» **Work task**
The entire listing below should be output exactly as it stands.
*** Opening Data under study ***
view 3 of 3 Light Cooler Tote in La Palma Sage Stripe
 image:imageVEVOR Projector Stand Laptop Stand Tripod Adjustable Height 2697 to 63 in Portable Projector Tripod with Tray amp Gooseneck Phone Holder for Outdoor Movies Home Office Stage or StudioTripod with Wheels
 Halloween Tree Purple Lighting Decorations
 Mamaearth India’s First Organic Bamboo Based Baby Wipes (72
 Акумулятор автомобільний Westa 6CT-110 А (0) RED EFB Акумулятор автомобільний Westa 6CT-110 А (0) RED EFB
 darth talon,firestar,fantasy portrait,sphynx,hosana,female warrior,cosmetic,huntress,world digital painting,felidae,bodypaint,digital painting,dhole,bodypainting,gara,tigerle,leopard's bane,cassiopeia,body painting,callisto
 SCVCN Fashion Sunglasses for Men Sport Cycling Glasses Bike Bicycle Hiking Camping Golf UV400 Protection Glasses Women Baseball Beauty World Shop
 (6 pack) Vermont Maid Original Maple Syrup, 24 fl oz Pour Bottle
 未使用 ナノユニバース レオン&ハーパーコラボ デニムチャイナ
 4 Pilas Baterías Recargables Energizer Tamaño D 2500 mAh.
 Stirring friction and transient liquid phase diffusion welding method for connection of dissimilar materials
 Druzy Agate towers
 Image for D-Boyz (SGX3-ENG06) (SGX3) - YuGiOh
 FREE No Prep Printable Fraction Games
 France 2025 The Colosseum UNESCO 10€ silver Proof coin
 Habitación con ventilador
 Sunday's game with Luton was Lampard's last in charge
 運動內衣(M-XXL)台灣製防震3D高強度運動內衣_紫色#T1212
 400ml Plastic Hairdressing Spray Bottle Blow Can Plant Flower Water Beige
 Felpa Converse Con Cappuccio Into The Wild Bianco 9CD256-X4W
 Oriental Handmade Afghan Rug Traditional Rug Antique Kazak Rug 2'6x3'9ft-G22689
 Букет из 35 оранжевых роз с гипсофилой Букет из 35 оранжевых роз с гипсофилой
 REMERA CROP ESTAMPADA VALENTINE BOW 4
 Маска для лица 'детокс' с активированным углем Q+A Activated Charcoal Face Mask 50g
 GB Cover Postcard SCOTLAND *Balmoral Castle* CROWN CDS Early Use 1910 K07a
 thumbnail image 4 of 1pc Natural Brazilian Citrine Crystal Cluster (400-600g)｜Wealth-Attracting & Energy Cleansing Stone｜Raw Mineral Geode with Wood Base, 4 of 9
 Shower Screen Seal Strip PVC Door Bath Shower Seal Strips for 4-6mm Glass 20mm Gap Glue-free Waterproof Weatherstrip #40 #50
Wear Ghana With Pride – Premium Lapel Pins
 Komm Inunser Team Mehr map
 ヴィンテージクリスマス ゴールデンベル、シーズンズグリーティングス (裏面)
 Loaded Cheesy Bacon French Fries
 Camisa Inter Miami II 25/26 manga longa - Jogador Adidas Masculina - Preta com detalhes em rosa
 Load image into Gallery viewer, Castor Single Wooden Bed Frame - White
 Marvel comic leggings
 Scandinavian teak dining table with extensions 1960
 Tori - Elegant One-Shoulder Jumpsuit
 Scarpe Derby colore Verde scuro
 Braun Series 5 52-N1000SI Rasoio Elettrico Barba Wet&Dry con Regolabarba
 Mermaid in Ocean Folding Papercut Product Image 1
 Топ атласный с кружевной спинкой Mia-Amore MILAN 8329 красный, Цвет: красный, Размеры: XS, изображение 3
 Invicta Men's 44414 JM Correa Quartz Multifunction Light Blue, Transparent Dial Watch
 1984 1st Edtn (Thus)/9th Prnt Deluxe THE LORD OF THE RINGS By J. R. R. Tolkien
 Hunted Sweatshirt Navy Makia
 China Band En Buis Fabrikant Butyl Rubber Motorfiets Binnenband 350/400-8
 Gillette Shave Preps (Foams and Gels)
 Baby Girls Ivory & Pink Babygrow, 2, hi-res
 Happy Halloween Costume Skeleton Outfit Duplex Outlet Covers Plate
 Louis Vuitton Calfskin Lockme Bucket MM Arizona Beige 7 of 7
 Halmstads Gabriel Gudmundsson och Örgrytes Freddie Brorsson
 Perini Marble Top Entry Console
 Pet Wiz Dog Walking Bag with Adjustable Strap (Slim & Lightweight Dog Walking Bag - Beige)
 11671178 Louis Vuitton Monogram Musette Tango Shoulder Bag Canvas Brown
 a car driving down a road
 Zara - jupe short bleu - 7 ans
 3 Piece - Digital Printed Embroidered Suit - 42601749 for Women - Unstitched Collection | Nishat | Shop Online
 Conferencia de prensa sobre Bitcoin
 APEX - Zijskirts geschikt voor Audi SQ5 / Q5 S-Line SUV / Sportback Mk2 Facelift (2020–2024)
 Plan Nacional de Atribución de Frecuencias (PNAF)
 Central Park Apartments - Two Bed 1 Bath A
*** Closing Data under study ***
» **The completed task**
view 3 of 3 Light Cooler Tote in La Palma Sage Stripe
 image:imageVEVOR Projector Stand Laptop Stand Tripod Adjustable Height 2697 to 63 in Portable Projector Tripod with Tray amp Gooseneck Phone Holder for Outdoor Movies Home Office Stage or StudioTripod with Wheels
 Halloween Tree Purple Lighting Decorations
 Mamaearth India’s First Organic Bamboo Based Baby Wipes (72
 Акумулятор автомобільний Westa 6CT-110 А (0) RED EFB Акумулятор автомобільний Westa 6CT-110 А (0) RED EFB
 darth talon,firestar,fantasy portrait,sphynx,hosana,female warrior,cosmetic,huntress,world digital painting,felidae,bodypaint,digital painting,dhole,bodypainting,gara,tigerle,leopard's bane,cassiopeia,body painting,callisto
 SCVCN Fashion Sunglasses for Men Sport Cycling Glasses Bike Bicycle Hiking Camping Golf UV400 Protection Glasses Women Baseball Beauty World Shop
 (6 pack) Vermont Maid Original Maple Syrup, 24 fl oz Pour Bottle
 未使用 ナノユニバース レオン&ハーパーコラボ デニムチャイナ
 4 Pilas Baterías Recargables Energizer Tamaño D 2500 mAh.
 Stirring friction and transient liquid phase diffusion welding method for connection of dissimilar materials
 Druzy Agate towers
 Image for D-Boyz (SGX3-ENG06) (SGX3) - YuGiOh
 FREE No Prep Printable Fraction Games
 France 2025 The Colosseum UNESCO 10€ silver Proof coin
 Habitación con ventilador
 Sunday's game with Luton was Lampard's last in charge
 運動內衣(M-XXL)台灣製防震3D高強度運動內衣_紫色#T1212
 400ml Plastic Hairdressing Spray Bottle Blow Can Plant Flower Water Beige
 Felpa Converse Con Cappuccio Into The Wild Bianco 9CD256-X4W
 Oriental Handmade Afghan Rug Traditional Rug Antique Kazak Rug 2'6x3'9ft-G22689
 Букет из 35 оранжевых роз с гипсофилой Букет из 35 оранжевых роз с гипсофилой
 REMERA CROP ESTAMPADA VALENTINE BOW 4
 Маска для лица 'детокс' с активированным углем Q+A Activated Charcoal Face Mask 50g
 GB Cover Postcard SCOTLAND *Balmoral Castle* CROWN CDS Early Use 1910 K07a
 thumbnail image 4 of 1pc Natural Brazilian Citrine Crystal Cluster (400-600g)｜Wealth-Attracting & Energy Cleansing Stone｜Raw Mineral Geode with Wood Base, 4 of 9
 Shower Screen Seal Strip PVC Door Bath Shower Seal Strips for 4-6mm Glass 20mm Gap Glue-free Waterproof Weatherstrip #40 #50
Wear Ghana With Pride – Premium Lapel Pins
 Komm Inunser Team Mehr map
 ヴィンテージクリスマス ゴールデンベル、シーズンズグリーティングス (裏面)
 Loaded Cheesy Bacon French Fries
 Camisa Inter Miami II 25/26 manga longa - Jogador Adidas Masculina - Preta com detalhes em rosa
 Load image into Gallery viewer, Castor Single Wooden Bed Frame - White
 Marvel comic leggings
 Scandinavian teak dining table with extensions 1960
 Tori - Elegant One-Shoulder Jumpsuit
 Scarpe Derby colore Verde scuro
 Braun Series 5 52-N1000SI Rasoio Elettrico Barba Wet&Dry con Regolabarba
 Mermaid in Ocean Folding Papercut Product Image 1
 Топ атласный с кружевной спинкой Mia-Amore MILAN 8329 красный, Цвет: красный, Размеры: XS, изображение 3
 Invicta Men's 44414 JM Correa Quartz Multifunction Light Blue, Transparent Dial Watch
 1984 1st Edtn (Thus)/9th Prnt Deluxe THE LORD OF THE RINGS By J. R. R. Tolkien
 Hunted Sweatshirt Navy Makia
 China Band En Buis Fabrikant Butyl Rubber Motorfiets Binnenband 350/400-8
 Gillette Shave Preps (Foams and Gels)
 Baby Girls Ivory & Pink Babygrow, 2, hi-res
 Happy Halloween Costume Skeleton Outfit Duplex Outlet Covers Plate
 Louis Vuitton Calfskin Lockme Bucket MM Arizona Beige 7 of 7
 Halmstads Gabriel Gudmundsson och Örgrytes Freddie Brorsson
 Perini Marble Top Entry Console
 Pet Wiz Dog Walking Bag with Adjustable Strap (Slim & Lightweight Dog Walking Bag - Beige)
 11671178 Louis Vuitton Monogram Musette Tango Shoulder Bag Canvas Brown
 a car driving down a road
 Zara - jupe short bleu - 7 ans
 3 Piece - Digital Printed Embroidered Suit - 42601749 for Women - Unstitched Collection | Nishat | Shop Online
 Conferencia de prensa sobre Bitcoin
 APEX - Zijskirts geschikt voor Audi SQ5 / Q5 S-Line SUV / Sportback Mk2 Facelift (2020–2024)
 Plan Nacional de Atribución de Frecuencias (PNAF)
 Central Park Apartments - Two Bed 1 Bath A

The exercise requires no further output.